▶ **Materials provided**:
*** Block opens ***

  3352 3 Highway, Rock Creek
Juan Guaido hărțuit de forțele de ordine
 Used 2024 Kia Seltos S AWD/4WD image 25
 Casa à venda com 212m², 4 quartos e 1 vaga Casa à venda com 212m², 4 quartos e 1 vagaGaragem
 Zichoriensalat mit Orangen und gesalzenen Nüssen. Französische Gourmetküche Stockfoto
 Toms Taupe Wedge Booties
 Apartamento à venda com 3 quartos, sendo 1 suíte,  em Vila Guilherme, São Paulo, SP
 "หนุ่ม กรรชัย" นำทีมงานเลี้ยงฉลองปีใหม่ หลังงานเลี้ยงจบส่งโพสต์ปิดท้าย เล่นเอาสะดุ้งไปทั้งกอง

*** Block closes ***
*** Block opens ***

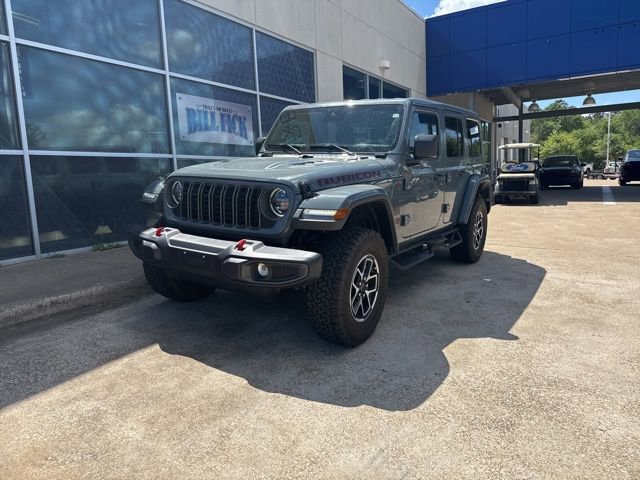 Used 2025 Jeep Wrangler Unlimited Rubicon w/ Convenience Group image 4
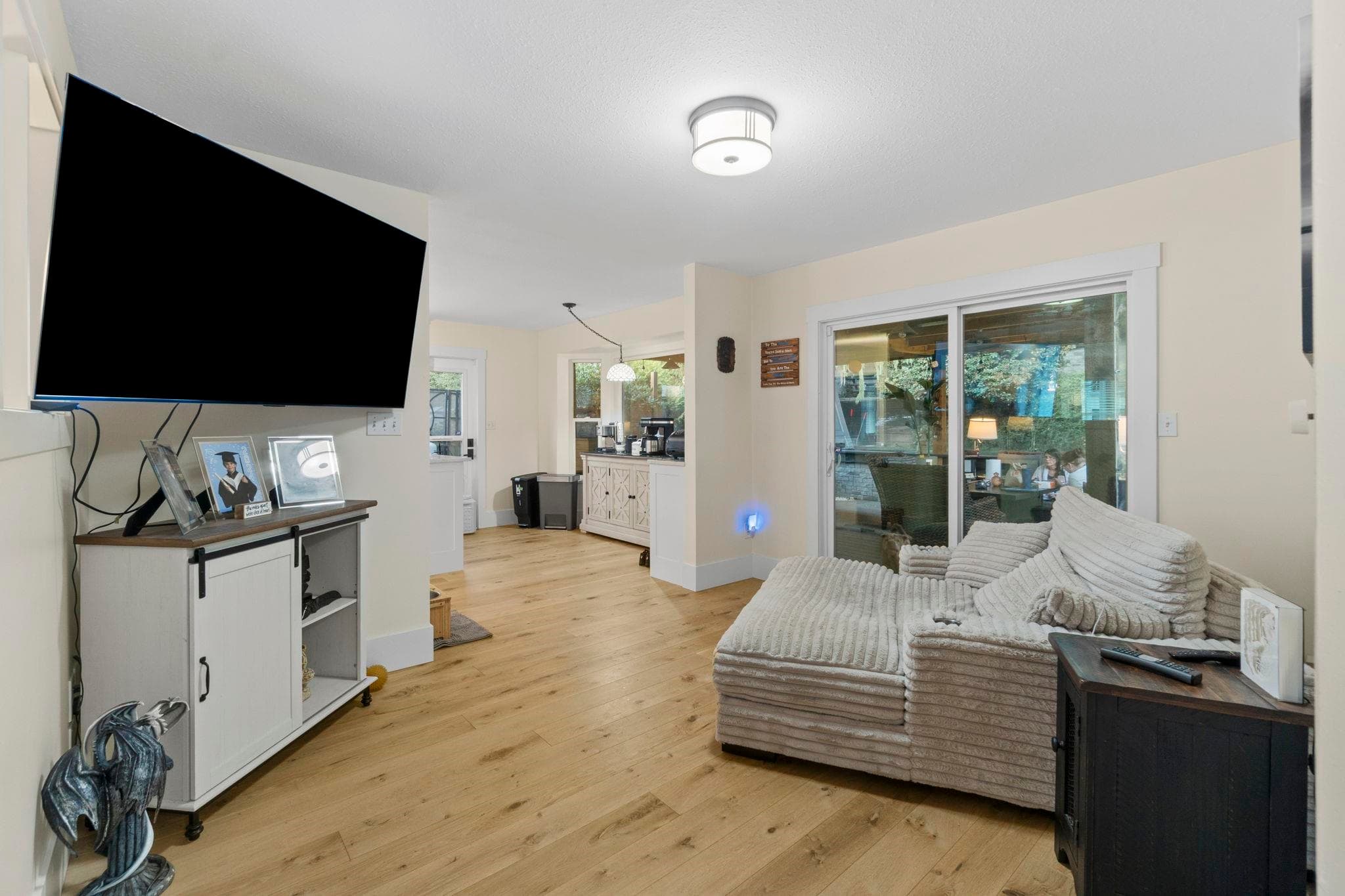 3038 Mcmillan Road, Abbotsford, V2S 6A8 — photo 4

*** Block closes ***

▶ **What to work on**:
Which lines above contain the word "quartos"? Copy each of them.

▶ **Response to this exercise**:
 Casa à venda com 212m², 4 quartos e 1 vaga Casa à venda com 212m², 4 quartos e 1 vagaGaragem
 Apartamento à venda com 3 quartos, sendo 1 suíte,  em Vila Guilherme, São Paulo, SP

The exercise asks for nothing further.